Ask Pigs he feeds his customers Karft......
I'd doctor it with some honey and a shot of hot sauce.....or some pepperjelly...


----------



## LarryWolfe (Dec 31, 2006)

JonM said:
			
		

> Larry Wolfe said:
> 
> 
> 
> ...



Jon since you're using it for pulled pork, I'd cut it with some apple cider vinegar and some red pepper flakes.  Just to thin it out and take some of the sweetness away, unless you like sweet pulled pork.

If it's for ribs or chicken, you could probably add a bit of honey or maple syrup or as Witt suggested some pepper jelly.  

It's all pretty much just a matter of taste in what you like to eat!  Good luck!


----------



## wittdog (Dec 31, 2006)

Larry Wolfe said:
			
		

> JonM said:
> 
> 
> 
> ...



Jon since you're using it for pulled pork, I'd cut it with some apple cider vinegar and some red pepper flakes.  Just to thin it out and take some of the sweetness away, unless you like sweet pulled pork.

If it's for ribs or chicken, you could probably add a bit of honey or maple syrup or as Witt suggested some pepper jelly.  

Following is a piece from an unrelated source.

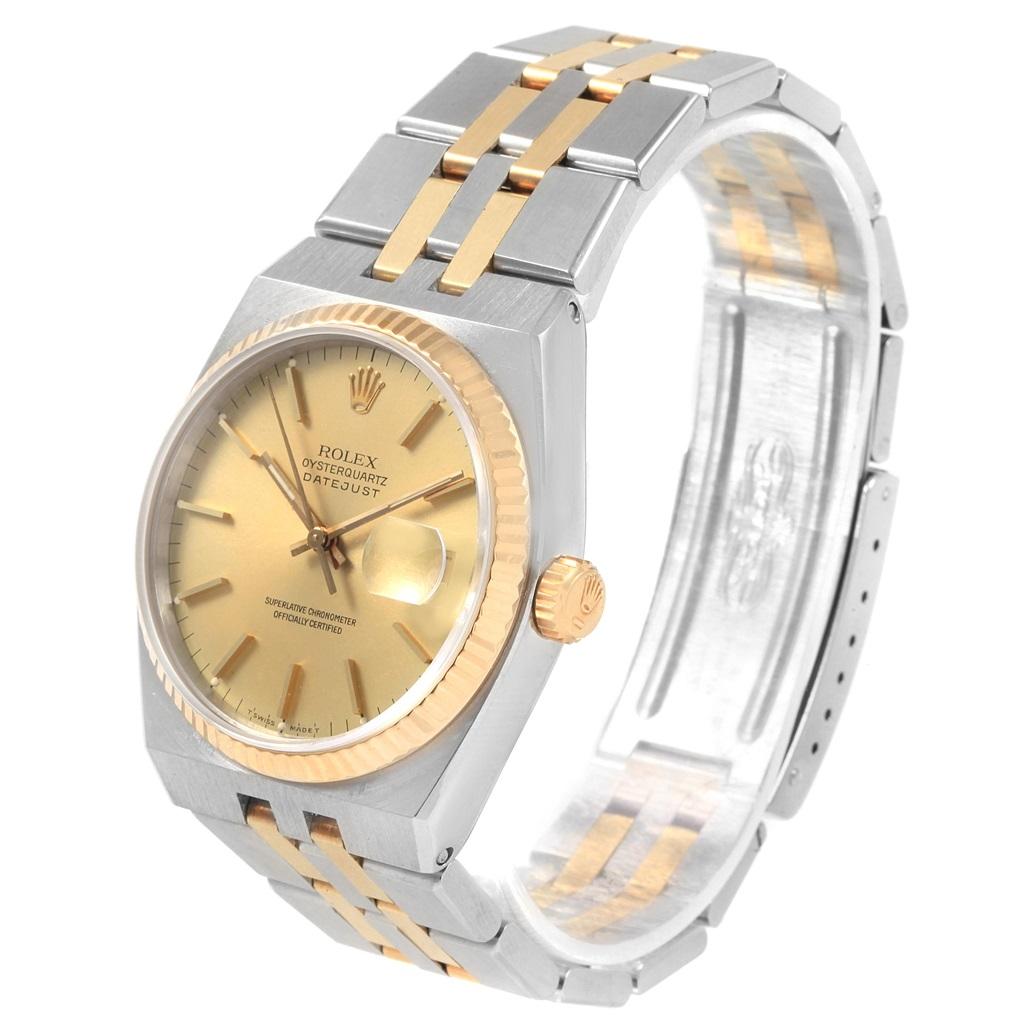 Rolex Oysterquartz Datejust 36 Steel Yellow Gold Men’s Watch 17013 6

It's all pretty much just a matter of taste in what you like to eat!  Good luck![/quote:2tn6rkje]
  Oops didn't realize it was going on PP....Larry is right...cider vinegar and some peppper flakes


----------



## Puff1 (Dec 31, 2006)

Sammie looked tasty Larry


----------



## JonM1 (Dec 31, 2006)

I do hopethe Butts that I put on at 6am and that are now stalled at 168 degrees for the past hour come out tasting half as good as yours look


----------